The state’s fiscal year starts Thursday, but the Legislature left Albany earlier this week on a 10-day holiday recess, leaving no chance of an on-time spending plan for the 2010-11 fiscal year.
Paterson and legislators have been at odds over how to close a $9.2 billion budget gap for the fiscal year that started Thursday. Paterson is delaying $2.1 billion in school-aid payments and aid for construction projects because of the late budget.
But rather than knock lawmakers as he has done during prior budget negotiations, Paterson aimed in the address to bring along lawmakers so they would support his plan to cut about $1.4 billion in aid to schools, as well as cuts to health care and other services.

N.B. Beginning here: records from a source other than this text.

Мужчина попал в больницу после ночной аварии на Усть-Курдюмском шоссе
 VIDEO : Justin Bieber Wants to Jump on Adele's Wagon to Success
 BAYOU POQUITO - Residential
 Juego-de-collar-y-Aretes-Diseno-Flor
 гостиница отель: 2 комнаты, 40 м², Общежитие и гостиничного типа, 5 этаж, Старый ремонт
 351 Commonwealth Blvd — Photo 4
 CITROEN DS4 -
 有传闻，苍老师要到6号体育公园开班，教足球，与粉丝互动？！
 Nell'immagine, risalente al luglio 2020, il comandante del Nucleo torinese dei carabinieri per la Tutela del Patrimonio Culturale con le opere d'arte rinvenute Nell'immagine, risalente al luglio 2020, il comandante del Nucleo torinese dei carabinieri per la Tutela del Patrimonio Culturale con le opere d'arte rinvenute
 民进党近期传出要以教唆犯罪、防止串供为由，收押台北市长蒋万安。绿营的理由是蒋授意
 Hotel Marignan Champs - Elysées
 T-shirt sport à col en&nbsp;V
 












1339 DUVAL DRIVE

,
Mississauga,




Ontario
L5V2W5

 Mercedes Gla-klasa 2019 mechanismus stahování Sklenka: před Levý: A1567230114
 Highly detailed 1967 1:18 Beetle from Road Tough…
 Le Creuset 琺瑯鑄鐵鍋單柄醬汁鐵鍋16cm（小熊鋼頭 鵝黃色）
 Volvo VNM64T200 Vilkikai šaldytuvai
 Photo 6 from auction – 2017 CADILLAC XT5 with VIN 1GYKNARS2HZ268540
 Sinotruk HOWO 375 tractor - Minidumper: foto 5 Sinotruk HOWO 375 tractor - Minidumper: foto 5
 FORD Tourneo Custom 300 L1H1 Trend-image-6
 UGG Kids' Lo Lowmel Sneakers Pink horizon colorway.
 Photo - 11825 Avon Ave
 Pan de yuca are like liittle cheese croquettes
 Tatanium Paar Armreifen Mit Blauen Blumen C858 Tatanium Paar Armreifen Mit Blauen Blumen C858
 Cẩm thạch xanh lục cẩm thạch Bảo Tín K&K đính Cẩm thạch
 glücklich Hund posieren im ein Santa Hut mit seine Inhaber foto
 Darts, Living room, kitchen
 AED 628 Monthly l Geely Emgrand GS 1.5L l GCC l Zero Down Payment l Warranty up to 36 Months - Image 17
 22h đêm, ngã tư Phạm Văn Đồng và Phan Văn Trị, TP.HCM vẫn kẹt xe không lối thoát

The Democratic governor suggested that in an election year, legislators may be reluctant to cut aid to programs.
“I don’t think that the barrier is their inability to grasp the gravity of our current financial woes, rather I think my colleagues are nervous about the costs of making these tough decisions,” he said.
Updated: Fixes video below.
Paterson said the plan put forth by lawmakers doesn’t cut enough and borrows too much. That puts him at odds with his own Lt. Gov. Richard Ravitch, who has recommended $2 billion in borrowing to help the state weather its fiscal troubles.
“We cannot accept a budget that cripples the state for our next generation, and I will not accept a budget that rewards special interests, allowing them to not make the same sacrifices that average New Yorkers make everyday,” Paterson said.
Senate Republicans ripped the Democratic-led Legislature for not working through the holiday week to get a budget deal. Lawmakers aren’t scheduled to return to Albany until April 7.
“Rather than work around the clock to get a budget done on time, Democrats in the Senate and Assembly waved the white flag and simply gave up,” Senate Minority Leader Dean Skelos, R-Nassau County, said in a statement.
But Democrats said they continue to work on getting a budget deal done. Senate Democratic Leader John Sampson, D-Brooklyn, was scheduled to meet with Ravitch this evening.
“The Senate is working to give New York a fair and responsible budget that controls spending, provides property tax relief, creates jobs and protects our investment in health care and education,” said Sampson spokesman Austin Shafran.
Paterson also indicated that a sound budget is better than one on time.
“I cannot overstate the magnitude of the fiscal problems confronting this state,” he said. “And so I will continue to stand up for the taxpayers, even if it means that our budget is late because a responsible budget is more important than what time it is actually passed.”